If it's still limited in extent manual removal, increasing flow, and blackouts may help. 

If it's very extensive/established, I would recommend dosing Erythromycin (antibiotic) according to the packaging's instructions. By this stage it is very invasive and will quickly come back even after you've removed what you thought to be all of it.


----------



## Anorea (Jun 2, 2016)

PlantedRich said:


> I consider this to be the shallow, goofy thinking of people who have not thought it though. Obviously we all have a responsibility. And anybody who raises the food you eat knows this far more than those who think every animal is too valuable to kill.

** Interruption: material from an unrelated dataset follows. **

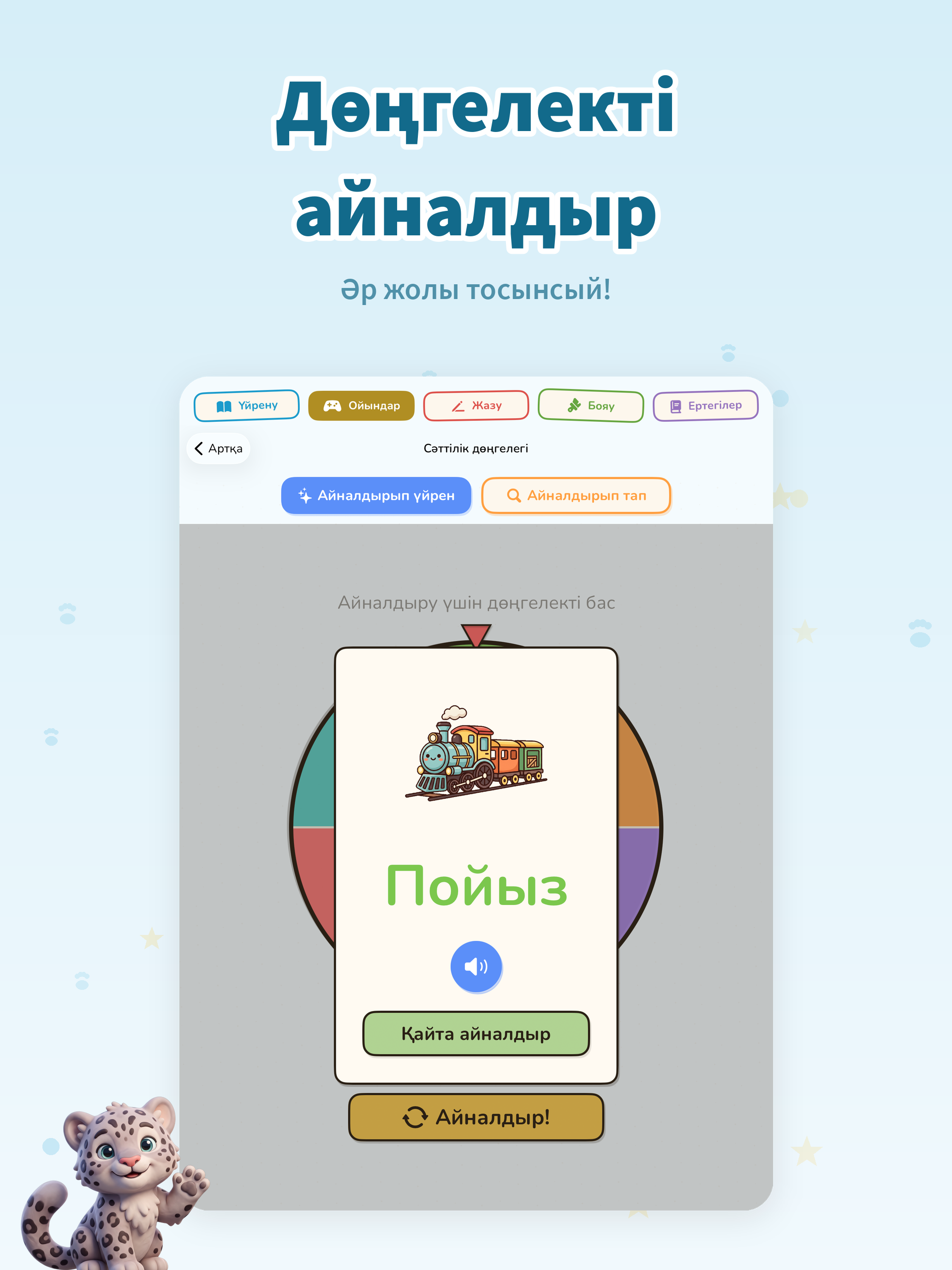 Барыс - Қазақшаны үйрен Kazakh screenshot 15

To avoid using an animal that may someday be a problem would cut the number of available fish to almost zero.


It's not shallow to want to take a life seriously; I'd say it's the opposite. We don't eat our cichlids, tetras, and goldfish, so it's not fair to compare them to cattle. The aquarium hobby is a hobby, not a job designed to feed people, so it's not a good comparison. There are a lot of fish available to the hobbyist that, as long as we research, shouldn't end up being problems.  I feel like our conversation is taking over the OP's thread, so let's just agree to disagree, and let the OP continue their original topic. 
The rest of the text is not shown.